• **YOUR GOAL**
All of the data that follows should be retyped exactly, please, except the pictures.

• **RECORDED DATA**
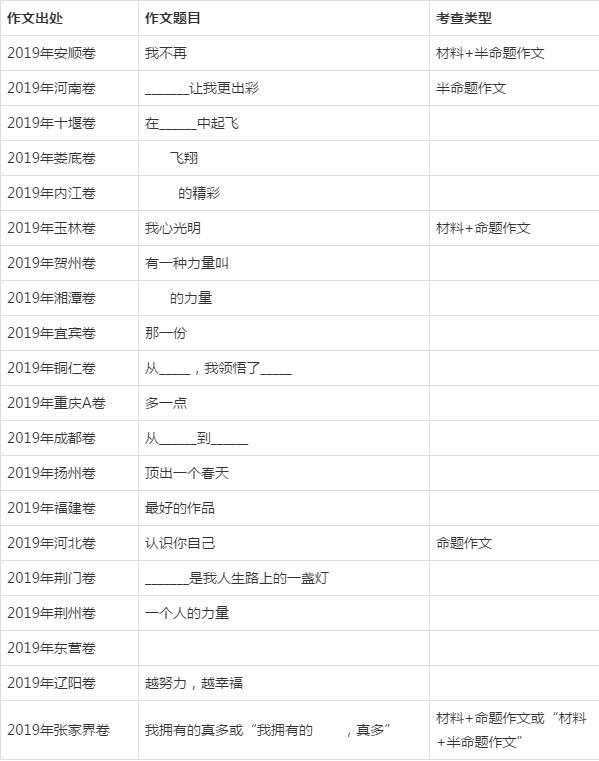 勤奋与乐观，中考作文永恒的话题 2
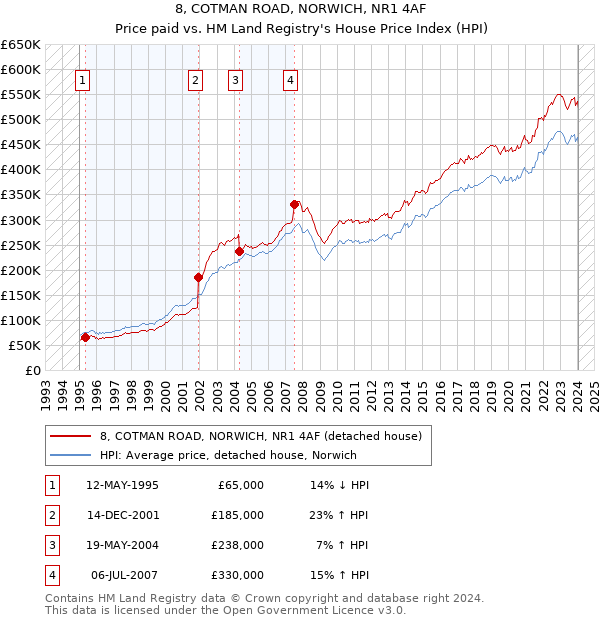 8, COTMAN ROAD, NORWICH, NR1 4AF: Price paid vs HM Land Registry's House Price Index
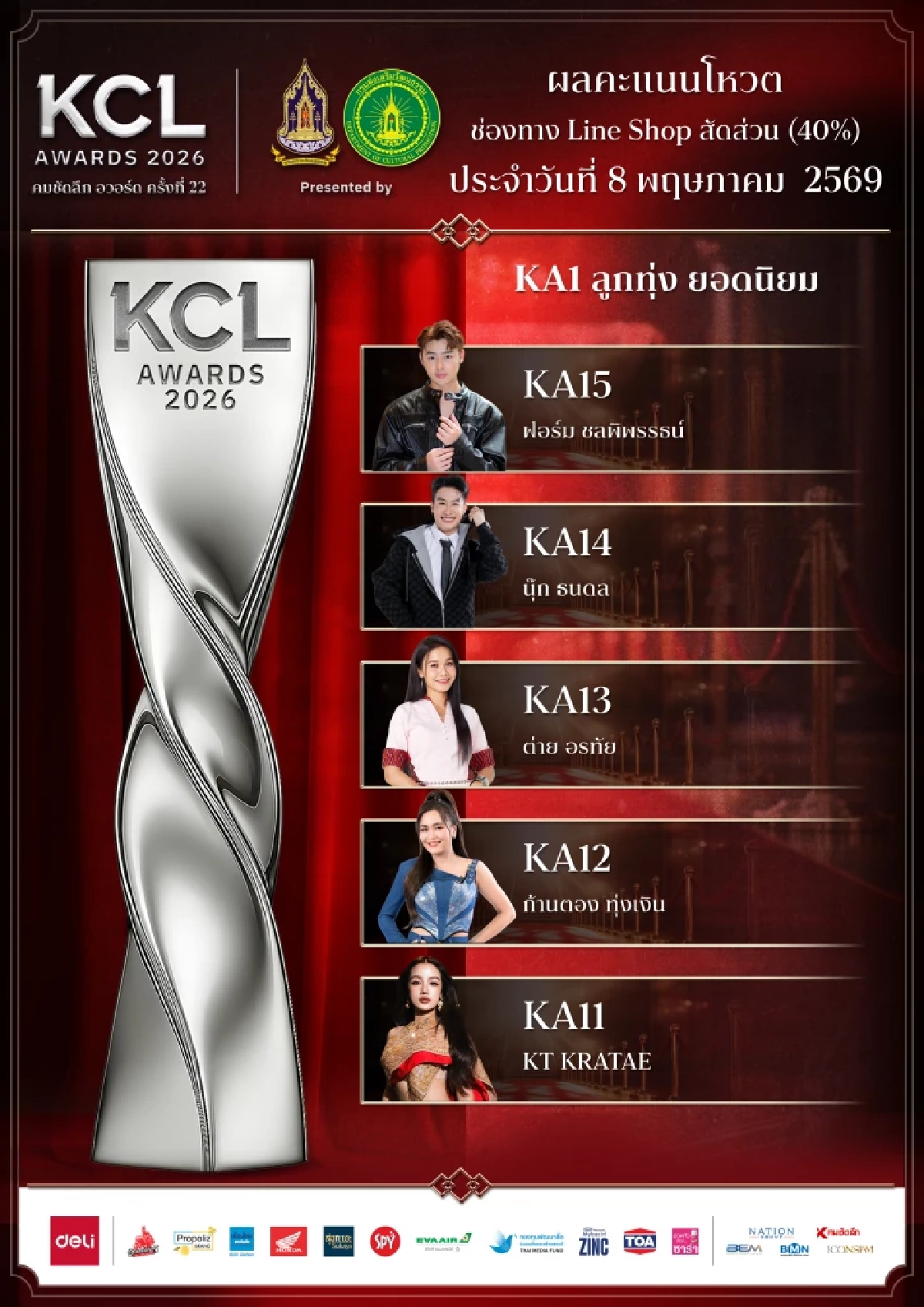 ว้าว! ผลคะแนน คมชัดลึกอวอร์ด 2026 ล่าสุด 9 พ.ค. 69 ยอดนิยมทั้ง 9 สาขา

• **SOLUTION**
 勤奋与乐观，中考作文永恒的话题 2
 8, COTMAN ROAD, NORWICH, NR1 4AF: Price paid vs HM Land Registry's House Price Index
 ว้าว! ผลคะแนน คมชัดลึกอวอร์ด 2026 ล่าสุด 9 พ.ค. 69 ยอดนิยมทั้ง 9 สาขา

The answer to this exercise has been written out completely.